This class is an introduction to discrete optimization and exposes students to some of the most fundamental concepts and algorithms in the field. It covers constraint programming, local search, and mixed-integer programming from their foundations to their applications for complex practical problems in areas such as scheduling, vehicle routing, supply-chain optimization, and resource allocation.
-These lectures and readings give you an introduction to this course: its philosophy, organization, and load. They also tell you how the assignments are a significant part of the class. This week covers the common input/output organization of the assignments, how they are graded, and how to succeed in this class.

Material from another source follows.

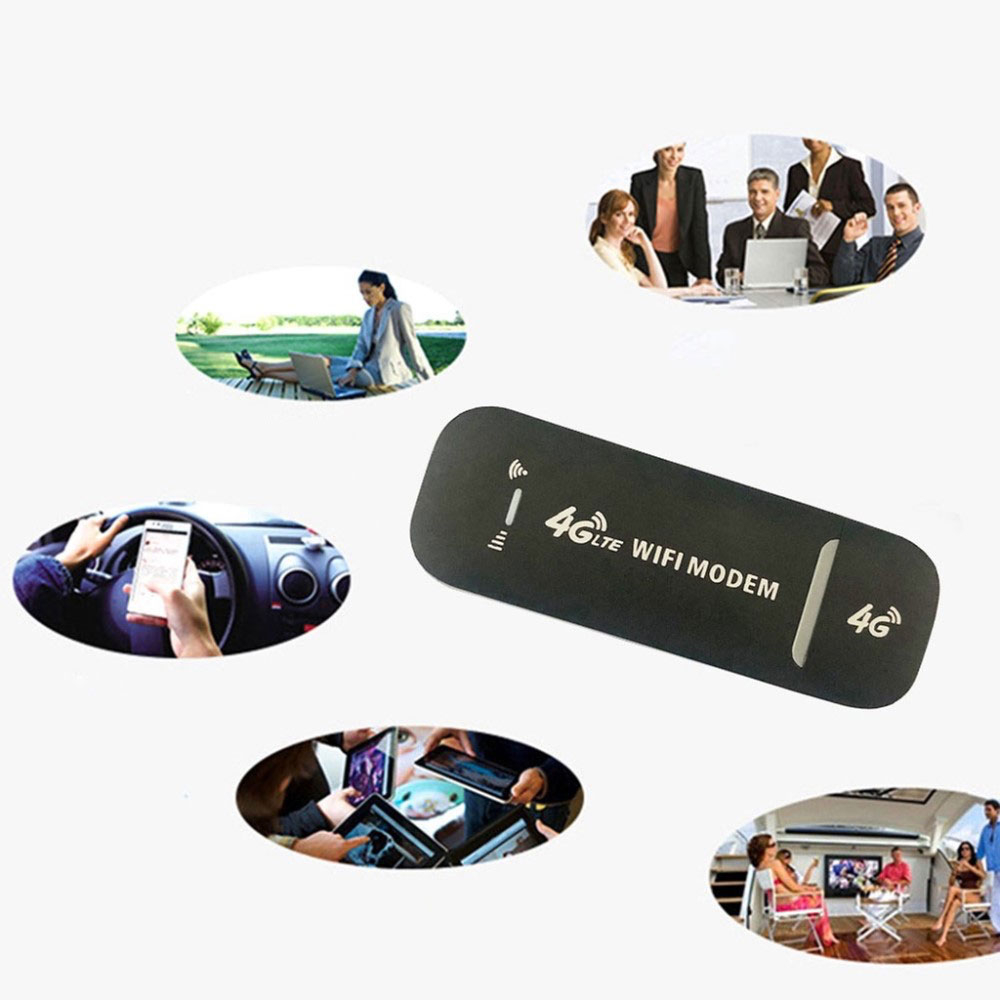 (150Mbit/s) Mobiler Hotspot 4G / LTE USB A Dongle WiFi Modem Netzwerk Router   Mini SIM Karten Slot - Schwarz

-These lectures introduce optimization problems and some optimization techniques through the knapsack problem, one of the most well-known problem in the field. It discusses how to formalize and model optimization problems using knapsack as an example. It then reviews how to apply dynamic programming and branch and bound to the knapsack problem, providing intuition behind these two fundamental optimization techniques. The concept of relaxation and search are also discussed.
-Constraint programming is an optimization technique that emerged from the field of artificial intelligence. It is characterized by two key ideas: To express the optimization problem at a high level to reveal its structure and to use constraints to reduce the search space by removing, from the variable domains, values that cannot appear in solutions. These lectures cover constraint programming in detail, describing the language of constraint programming, its underlying computational paradigm and how it can be applied in practice.
-Local search is probably the oldest and most intuitive optimization technique. It consists in starting from a solution and improving it by performing (typically) local perturbations (often called moves). Local search has evolved substantially in the last decades with a lot of attention being devoted on which moves to explore. These lectures explore the theory and practice of local search, from the concept of neighborhood and connectivity to meta-heuristics such as tabu search and simulated annealing.
-Linear programming has been, and remains, a workhorse of optimization. It consists in optimizing a linear objective subject to linear constraints, admits efficient algorithmic solutions, and is often an important building block for other optimization techniques. These lectures review fundamental concepts in linear programming, including the infamous simplex algorithm, simplex tableau, and duality. .
Mixed Integer Programming
-Mixed Integer Programming generalizes linear programming by allowing integer variables, which dramatically changes the complexity of the problems but also broadens the potential applications significantly. These lectures review how to model problems in mixed-integer programming and how to solve mixed-integer programs using branch and bound. Advanced techniques such as cutting planes and polyhedral cuts are also covered.
Advanced Topics: Part I
-These lectures cover some more advanced concepts in optimization. They introduce constraint-programming techniques for scheduling and routing.
Advanced Topics: Part II
-These lectures continues to cover some more advanced concepts in optimization. They introduce large neighborhood search, which often combines constraint programming and local search, and column generation which decomposes an optimization model into a master and pricing problem, using more complex variables.